Author: Sebastien Lacasse

They washed up sometime in the middle of the night, people said. Swollen as rags with seawater and all aglow beneath milky starlight, their bodies glistened as they crawled onto the wet sand and plopped down once free of the surf. The creatures came in every irregular shape imaginable, each one stretching a few inches, coated in thick mucus.

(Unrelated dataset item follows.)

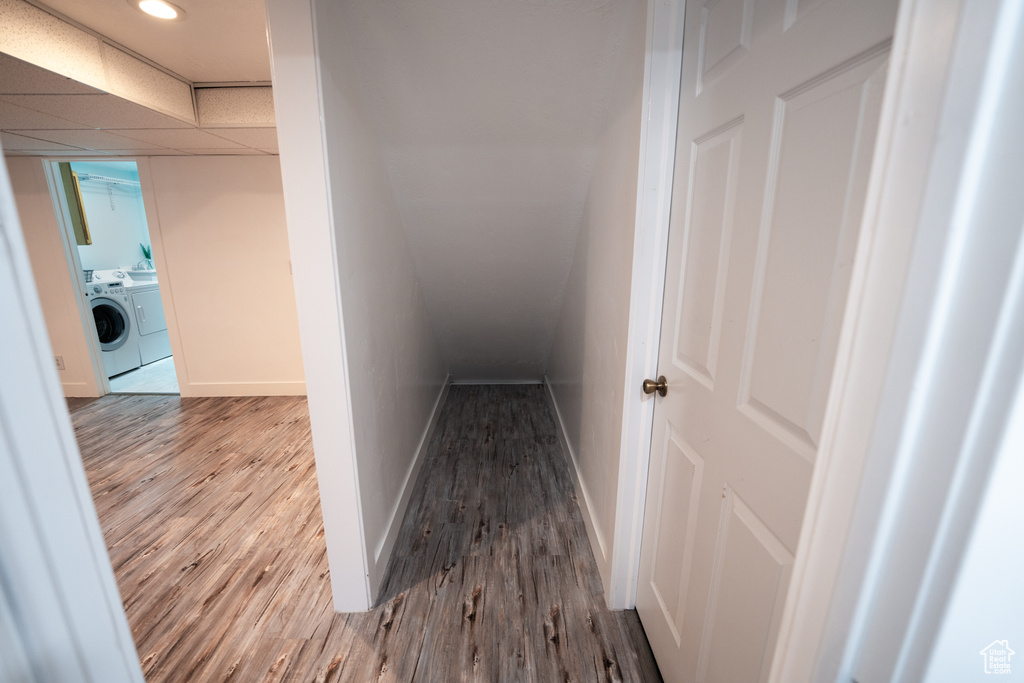 Hallway featuring washing machine and clothes dryer and wood finished floors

Anna discovered the first early that morning. The sea spray salted her eyelashes until her eyes burned. She came running down from the tall grass, leaving her parents behind in a wake of small footsteps. They trailed after her, invisible snakes winding a curved path to the sea’s edge.

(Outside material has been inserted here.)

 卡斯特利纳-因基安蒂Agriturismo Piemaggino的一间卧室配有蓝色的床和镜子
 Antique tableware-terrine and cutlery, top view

The first one resembled a jellyfish. The second, some sort of eel bent into the shape of a puffy cloud. Anna crouched by one, eyeing the other thousands of glistening creatures from her peripheral.
She poked at it with a stick, watching how its skin sunk with the slightest pressure. Anna turned it over onto its back. No legs or arms. No mouth. It sat on the sand in its grim, grey-tinged silence.

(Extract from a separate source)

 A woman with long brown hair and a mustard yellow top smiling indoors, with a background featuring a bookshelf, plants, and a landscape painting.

“Anna! What are you doing?” her mother said.
“Nothing!” she lied.
But Anna reached out one sandy finger to touch the thing, just to see if she was, indeed, dealing with nothing. Her skin met its cold, wet flesh and everything flashed an opaque, blinding white.
She swam in this whiteness for a time, looking about for her parents, for the beach, for anything familiar to her. Anna called out to the void, but the whiteness soaked up the sound. Utterly alone she swam on, bound up by the nothingness around her, made free by it too.
A dim color, like a drop of ink on paper, appeared somewhere in the vastness. A faint blue dot that swelled until it was the size of an ocean, until it was the ocean. Peach-colored sand flowed beneath her and met with the ocean again. The little cloud creatures—or maybe jellyfish creatures, she hadn’t decided yet—appeared like stars with the waning of the sun.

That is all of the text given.